ADSM-L

Re: How do you verify the Completion and A ccuracy of Backups and Restores?

2006-11-09 13:21:42
Subject: Re: How do you verify the Completion and A ccuracy of Backups and Restores?
From: "Prather, Wanda" <Wanda.Prather AT JHUAPL DOT EDU>
To: ADSM-L AT VM.MARIST DOT EDU
Date: Thu, 9 Nov 2006 13:20:33 -0500
Yes, it frequently takes some work to customize the report.
But if customized properly, it won't be that large, even for 100
clients, to go through reliably.

Strategies my customers have used.

1) You need to set up the filters on the ACTIVITY LOG Section of the
report so it only includes ACTIONABLE messages.
For example, you don't need to see all the entries for files that failed
to back up because they are in use, because they are listed in a later
section of the report as well.  So you just exclude that message number.

Likewise, you will find a lot of nuisance messages that show up as
errors, when they were really just a syntax error on a command the admin
typed in.  You can exclude those as well, and you will get the report
down to just the actionable messages.

2) Turn OFF the MISSED FILES SUMMARY section so it isn't produced.  That
just seems pointless to me; you can't do anything with it.  The relevant
information is in the MISSED FILE DETAILS section.

3) Turn OFF any other sections that you don't need to see; for example,
some of the graphs may not be needed every day.

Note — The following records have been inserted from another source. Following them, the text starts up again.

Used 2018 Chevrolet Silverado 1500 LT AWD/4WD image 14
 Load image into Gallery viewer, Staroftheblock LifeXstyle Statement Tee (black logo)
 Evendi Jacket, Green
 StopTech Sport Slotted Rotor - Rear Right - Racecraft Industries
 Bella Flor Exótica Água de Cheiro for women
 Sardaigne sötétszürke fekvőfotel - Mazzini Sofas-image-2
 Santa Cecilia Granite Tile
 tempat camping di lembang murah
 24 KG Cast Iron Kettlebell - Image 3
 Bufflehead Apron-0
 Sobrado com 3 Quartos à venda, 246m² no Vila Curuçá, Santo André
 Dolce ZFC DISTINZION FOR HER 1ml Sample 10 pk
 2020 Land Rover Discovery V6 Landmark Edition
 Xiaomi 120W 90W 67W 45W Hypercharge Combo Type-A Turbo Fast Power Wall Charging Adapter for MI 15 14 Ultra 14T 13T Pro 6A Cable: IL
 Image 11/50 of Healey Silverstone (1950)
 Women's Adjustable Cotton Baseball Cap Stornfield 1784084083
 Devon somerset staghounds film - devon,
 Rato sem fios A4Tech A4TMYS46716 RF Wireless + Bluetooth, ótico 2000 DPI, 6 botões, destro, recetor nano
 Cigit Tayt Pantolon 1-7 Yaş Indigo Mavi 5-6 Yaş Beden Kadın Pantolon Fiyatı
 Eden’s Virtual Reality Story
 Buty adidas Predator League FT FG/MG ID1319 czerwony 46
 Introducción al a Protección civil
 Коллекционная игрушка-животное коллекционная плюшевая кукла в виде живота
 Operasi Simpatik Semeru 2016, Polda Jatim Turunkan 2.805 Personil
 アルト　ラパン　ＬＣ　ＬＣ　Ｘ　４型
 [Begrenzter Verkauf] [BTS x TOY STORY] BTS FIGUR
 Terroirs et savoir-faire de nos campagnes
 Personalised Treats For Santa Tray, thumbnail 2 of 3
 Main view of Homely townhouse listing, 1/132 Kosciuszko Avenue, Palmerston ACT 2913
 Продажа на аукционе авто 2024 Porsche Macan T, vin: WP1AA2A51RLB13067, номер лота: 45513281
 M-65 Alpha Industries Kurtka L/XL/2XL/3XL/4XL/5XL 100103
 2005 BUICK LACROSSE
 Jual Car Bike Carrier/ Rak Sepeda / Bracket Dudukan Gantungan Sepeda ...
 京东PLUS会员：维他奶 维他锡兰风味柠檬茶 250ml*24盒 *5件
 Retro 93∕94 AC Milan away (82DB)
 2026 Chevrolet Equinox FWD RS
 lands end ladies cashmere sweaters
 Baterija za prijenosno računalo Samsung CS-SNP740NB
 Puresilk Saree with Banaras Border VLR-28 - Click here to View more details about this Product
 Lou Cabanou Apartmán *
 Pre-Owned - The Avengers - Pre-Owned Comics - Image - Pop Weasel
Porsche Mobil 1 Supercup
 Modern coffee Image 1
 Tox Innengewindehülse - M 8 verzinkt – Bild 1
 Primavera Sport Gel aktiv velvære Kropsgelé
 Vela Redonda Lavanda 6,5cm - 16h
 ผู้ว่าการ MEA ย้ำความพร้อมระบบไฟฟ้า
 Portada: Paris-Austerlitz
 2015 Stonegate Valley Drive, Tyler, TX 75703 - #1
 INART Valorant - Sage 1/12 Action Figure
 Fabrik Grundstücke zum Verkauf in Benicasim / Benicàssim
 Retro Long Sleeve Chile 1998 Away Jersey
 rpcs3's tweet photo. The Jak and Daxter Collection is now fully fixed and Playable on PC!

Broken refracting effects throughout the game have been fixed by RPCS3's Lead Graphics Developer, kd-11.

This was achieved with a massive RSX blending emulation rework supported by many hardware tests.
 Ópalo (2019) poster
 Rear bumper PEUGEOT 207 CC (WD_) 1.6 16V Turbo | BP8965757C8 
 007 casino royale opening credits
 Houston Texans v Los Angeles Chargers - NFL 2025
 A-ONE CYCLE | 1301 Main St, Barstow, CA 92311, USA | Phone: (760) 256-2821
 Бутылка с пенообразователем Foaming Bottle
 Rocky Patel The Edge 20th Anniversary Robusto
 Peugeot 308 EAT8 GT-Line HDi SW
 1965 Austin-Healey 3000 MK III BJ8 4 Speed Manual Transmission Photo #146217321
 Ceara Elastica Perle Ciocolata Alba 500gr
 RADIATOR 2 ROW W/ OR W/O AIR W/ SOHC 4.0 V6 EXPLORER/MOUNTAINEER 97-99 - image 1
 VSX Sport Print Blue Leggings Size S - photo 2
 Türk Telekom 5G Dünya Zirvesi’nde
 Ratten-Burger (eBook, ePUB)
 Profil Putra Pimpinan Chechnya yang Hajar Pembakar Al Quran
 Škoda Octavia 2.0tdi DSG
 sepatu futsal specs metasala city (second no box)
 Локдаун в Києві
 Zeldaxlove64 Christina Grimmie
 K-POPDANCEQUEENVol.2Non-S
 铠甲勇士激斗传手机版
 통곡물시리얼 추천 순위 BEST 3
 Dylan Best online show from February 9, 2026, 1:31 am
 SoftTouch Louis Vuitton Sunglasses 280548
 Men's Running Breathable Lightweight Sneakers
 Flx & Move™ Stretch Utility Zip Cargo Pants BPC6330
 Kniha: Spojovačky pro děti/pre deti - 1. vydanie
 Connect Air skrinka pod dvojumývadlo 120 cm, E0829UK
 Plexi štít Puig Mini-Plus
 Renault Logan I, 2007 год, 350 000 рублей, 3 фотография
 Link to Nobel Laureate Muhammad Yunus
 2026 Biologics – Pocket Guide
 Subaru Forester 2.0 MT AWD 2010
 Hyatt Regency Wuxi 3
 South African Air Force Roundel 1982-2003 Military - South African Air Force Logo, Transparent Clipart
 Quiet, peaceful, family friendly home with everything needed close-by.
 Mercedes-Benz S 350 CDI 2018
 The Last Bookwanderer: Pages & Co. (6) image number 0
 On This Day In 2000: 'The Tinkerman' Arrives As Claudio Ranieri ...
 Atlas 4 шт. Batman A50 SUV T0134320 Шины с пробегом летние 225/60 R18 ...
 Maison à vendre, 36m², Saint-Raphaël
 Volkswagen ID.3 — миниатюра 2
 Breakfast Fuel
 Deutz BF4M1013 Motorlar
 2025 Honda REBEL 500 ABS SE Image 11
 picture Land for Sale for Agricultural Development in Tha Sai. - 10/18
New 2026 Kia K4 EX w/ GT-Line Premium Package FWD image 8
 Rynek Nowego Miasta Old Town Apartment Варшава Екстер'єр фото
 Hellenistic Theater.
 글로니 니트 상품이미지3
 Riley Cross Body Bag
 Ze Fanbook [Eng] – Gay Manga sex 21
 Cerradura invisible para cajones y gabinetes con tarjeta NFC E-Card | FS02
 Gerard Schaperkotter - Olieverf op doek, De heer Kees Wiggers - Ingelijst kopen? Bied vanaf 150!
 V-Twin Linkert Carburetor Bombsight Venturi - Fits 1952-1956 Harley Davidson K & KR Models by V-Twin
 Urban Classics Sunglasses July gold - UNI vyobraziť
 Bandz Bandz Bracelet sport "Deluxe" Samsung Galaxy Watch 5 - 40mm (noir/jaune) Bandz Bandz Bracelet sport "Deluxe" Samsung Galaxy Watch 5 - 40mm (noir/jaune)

4) Set the option that says "use collapsable sections"; then the viewer
can look  at just 1 section at a time.
On most days, the only sections that have to be reviewed will be the
CUSTOM SUMMARY, the ACTIVITY LOG DETAILS, ADMIN SCHEDULE STATUS, and
CLIENT SCHEDULE STATUS.  MISSED FILE DETAILS should be reviewed about
once a week, and the admin should take action on the files that are
being missed regularly.

5) The term "successful completion of ALL backups" doesn't mean much to
TSM; there are plenty of sites that run backups continuously, 24 hours a
day, and schedules overlap.  SO what schedules are completed, depends on
what time of day you ask.  What you should do with TOR is is have the
TSM administrator adjust the client schedule windows so that there is a
time gap BETWEEN the schedules where you can run the TOR report.  That
will eliminate MOST of the missing reports, unless a client is hung and
running hours behind schedule.

6) Consider distributing some of the workload.  If a client misses or
fails a backup, is your TSM admin supposed to GO to that client and
rerun the backup, or do they just notify the owner of the machine?  Can
you make the client owner responsbile for dealing with it?  In that
case, all you have to do is set up TOR so that it sends an email to the
client owner with the schedule status.

FWIW, 100 TSM clients isn't actually all that many in TSM land.  I think
your TSM admin just needs some help getting a grip on what needs to be
addressed.

 


 

-----Original Message-----
From: ADSM: Dist Stor Manager [mailto:ADSM-L AT VM.MARIST DOT EDU] On Behalf Of
Wesley Smith
Sent: Thursday, November 09, 2006 12:01 PM
To: ADSM-L AT VM.MARIST DOT EDU
Subject: FW: [ADSM-L] How do you verify the Completion and A ccuracy of
Backups and Restores?

 Thanks, Wanda.

I believe the TOR tool is what they are currently using.  I think a
large part of their problem is that the reports are so large, it is
impossible for one person to go through the report every day with any
amount of reliability.  I know that they are responsible for handling
the backups of well over 100 servers and that it is being done by just
one person.  I've seen the report as currently generated and noted a
number of problems with it.  The report runs at a scheduled time rather
than having job triggers that would kick it off after the successful
completion of all backups.  As a result, the report will show backups
that started but without showing that they have completed.  On some
days, there will be very few of these.  On other days, quite a few.
Throwing stuff like that into the mix of the real errors and other
"pseudo errors" and you find yourself trying to chase down a lot of
non-errors.

I will be passing along to the appropriate people that perhaps there is
some additional filtering that could be done to these reports to reduce
their size to something that is more manageable.  I'm hoping that we
will be able to come up with some filtering and scripting aids that will
help to automate this process as much as possible and reduce to a
minimum the need for the Tivoli support person to spend a lot of time
every day just reviewing the night's work.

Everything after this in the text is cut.